- Opening Delimiter -

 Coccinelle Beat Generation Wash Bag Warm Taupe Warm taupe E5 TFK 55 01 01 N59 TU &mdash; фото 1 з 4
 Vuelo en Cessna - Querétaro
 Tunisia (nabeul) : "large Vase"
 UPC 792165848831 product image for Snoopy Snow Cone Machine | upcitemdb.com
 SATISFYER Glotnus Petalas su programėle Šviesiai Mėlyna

- Closing Delimiter -
- Opening Delimiter -

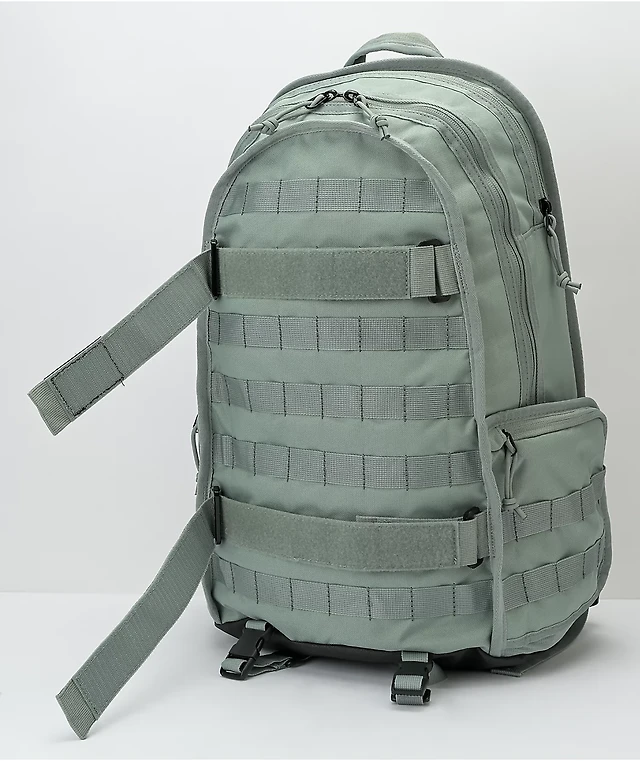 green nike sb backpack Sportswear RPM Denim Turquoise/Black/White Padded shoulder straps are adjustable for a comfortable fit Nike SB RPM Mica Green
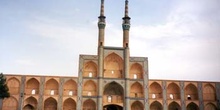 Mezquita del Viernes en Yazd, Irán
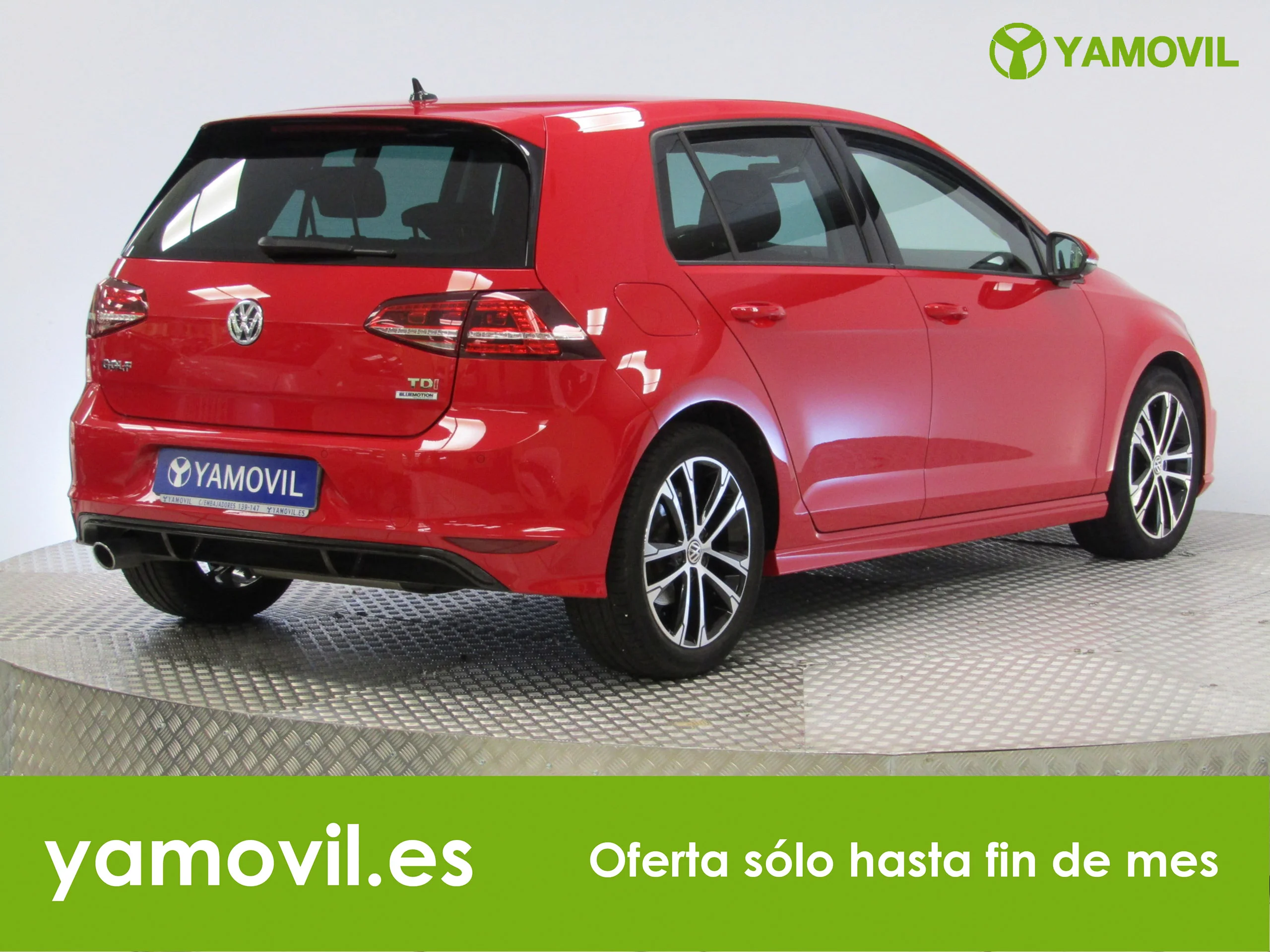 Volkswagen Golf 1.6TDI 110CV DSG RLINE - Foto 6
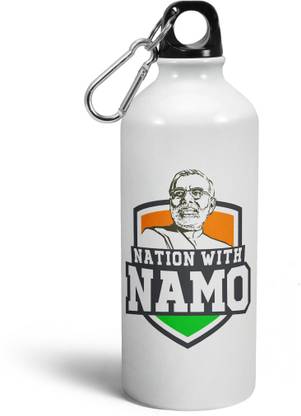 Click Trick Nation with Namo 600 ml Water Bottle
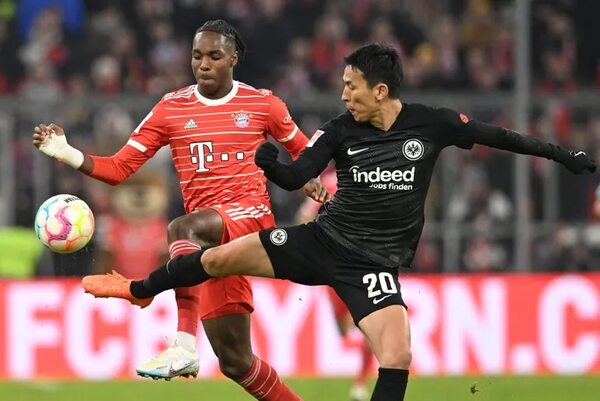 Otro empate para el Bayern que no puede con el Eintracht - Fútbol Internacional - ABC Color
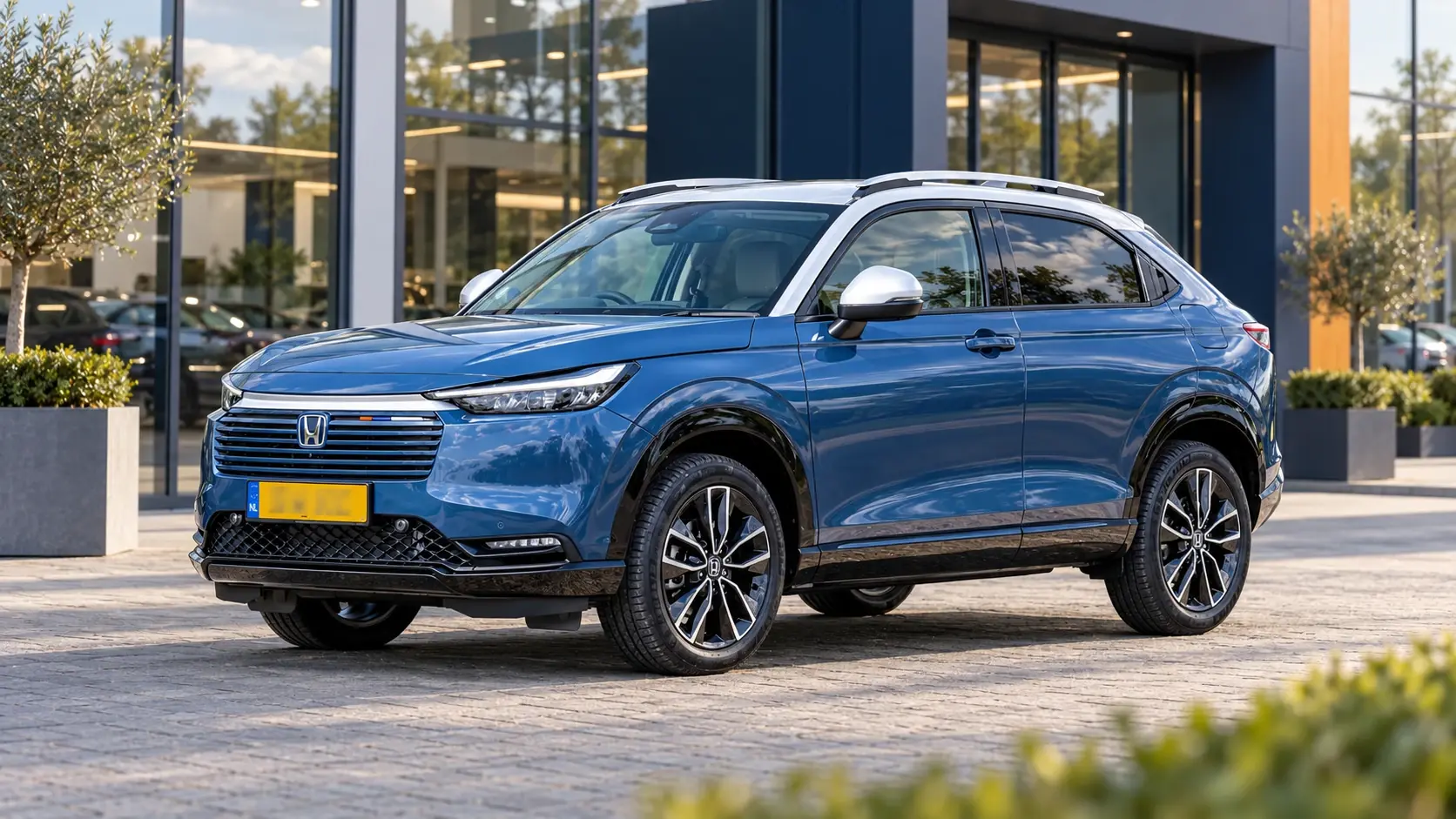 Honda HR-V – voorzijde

- Closing Delimiter -

▶ [PROBLEM]: Work from the entries above. Set down exactly and only the lines from the line with "Click Trick Nation" to the line with "Honda HR-V – voorzijde", both included, and leave the pictures out.

▶ [RESULT FOR THIS TASK]:
 Click Trick Nation with Namo 600 ml Water Bottle
 Otro empate para el Bayern que no puede con el Eintracht - Fútbol Internacional - ABC Color
 Honda HR-V – voorzijde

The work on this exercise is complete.